Andrea

Andrea, 30, is currently training as a nurse and lives in Sheffield, South Yorkshire.

I first discovered mindfulness in 2010, in the aftermath of an episode of severe depression. I have had mental health problems since I was a teenager, although I experienced a long period of being well in the latter years of my time at university. However, after I finished my degree, I was faced with huge life stresses like job and money worries, as well as family issues. I couldn’t cope and, as a result, I developed severe anxiety which eventually led to my depression. Further down the line, I was diagnosed with Borderline Personality Disorder (BPD) which explained my experience of incredibly intense and distressing emotions. It was during this time that I began to read widely about depression and mental health. I was particularly attracted to a book on mindfulness, as it was genuinely different from anything I had ever read before.

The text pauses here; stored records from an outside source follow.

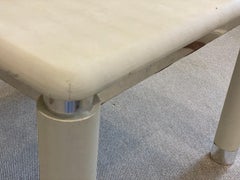 1980s White Lizard & Chrome Games Table by Karl Springer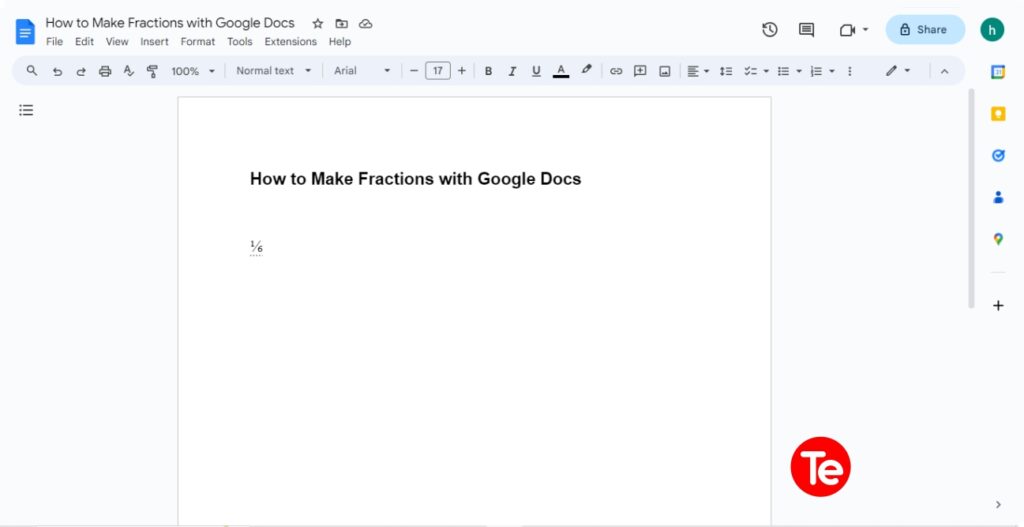 1/6 fraction made automatically with Google Docs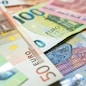 Finance background of different euro bills. European money. Investment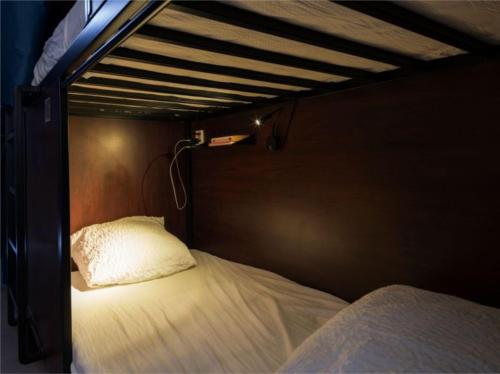 圖盧茲的住宿－Hostel Toulouse Wilson，双层床的下铺配有灯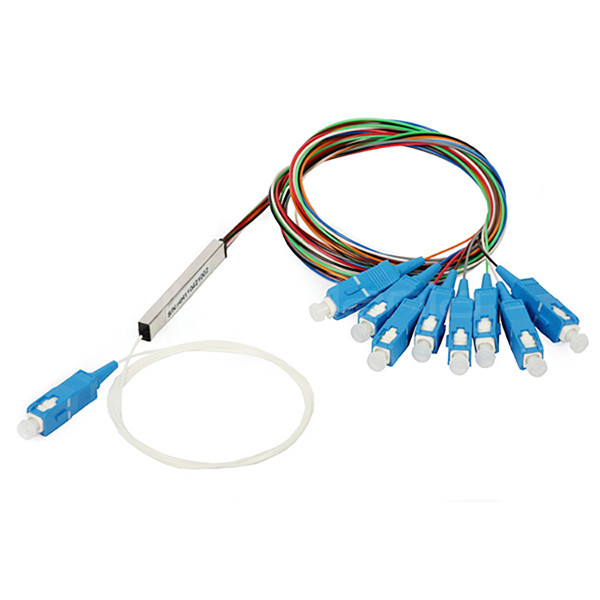 1X8 PLC Splitter Steel Tube 0.9mm Cable With SC/UPC Fiber Connectors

As I read more about mindfulness, several aspects of the practice stood out. The first was the focus on being non-judgmental – I am pretty hard on myself, so it felt like mindfulness gave me ‘permission’ to treat myself a bit more kindly. I was also comforted by the fact that you can’t do mindfulness ‘wrong’, so there was no danger of me ‘failing’ at it. I was also struck by the focus on the present moment – I’ve had very difficult childhood experiences and often anxiously worry about the future, so the idea that the ‘present’ was the only thing that was real was liberating.

Mindfulness is one of those things you actually have to experience to understand. There are a lot of misconceptions about mindfulness – for example, that it’s a tool with the aim of inducing relaxation. That’s not it at all: mindfulness is about accepting your present experience, just as it is, whether that’s good, bad or neutral. Reduced anxiety or relaxation may happen, or it may not; learning to accept life’s experiences and emotions is the true value of mindfulness. You could be experiencing some pretty awful emotions during the practice, but mindfulness will allow you to manage them more effectively.

The philosophy that underpins mindfulness has led to a major change in my entire worldview. The simple truth that everything changes in life has made it easier for me to cope with the huge anxiety that comes from uncertainty. The ability to be non-judgmental when my mind wandered was an initial foray into the world of self-compassion; this slowly led to an erosion of the feelings of self-loathing which I’ve had since I was a child. The core practice – an awareness of the present moment – allows me to cope with my fluctuating emotional state. It has also meant that I have been able to stop using self-harm as a coping mechanism for overwhelming emotions as they arise.

The benefits of mindfulness have also led to a change in career – I worked previously as a data analyst and an administrator, but now I am a second year student nurse. I couldn’t have imagined ever becoming a nurse, but having the space to experience my own intense emotions has unexpectedly led to being able to handle the emotions of other people without getting distressed myself. A busy ward is actually the perfect place to practice mindfulness – I use it more in action than in formal sitting meditation these days. It also helps me manage the anxiety that comes with being a student. When things get stressful, it’s often helpful to just pause for a moment and simply ‘be’ where I am.

Mindfulness is not a cure-all; I don’t think that is the point. The huge challenges that living with BPD and anxiety present can sometimes mean that I’m simply too distressed to practice mindfulness, and may need to rely on other ways to cope. But I find mindfulness extremely useful as a way of living, and as a way of being. I’m just so glad that I gave it a chance.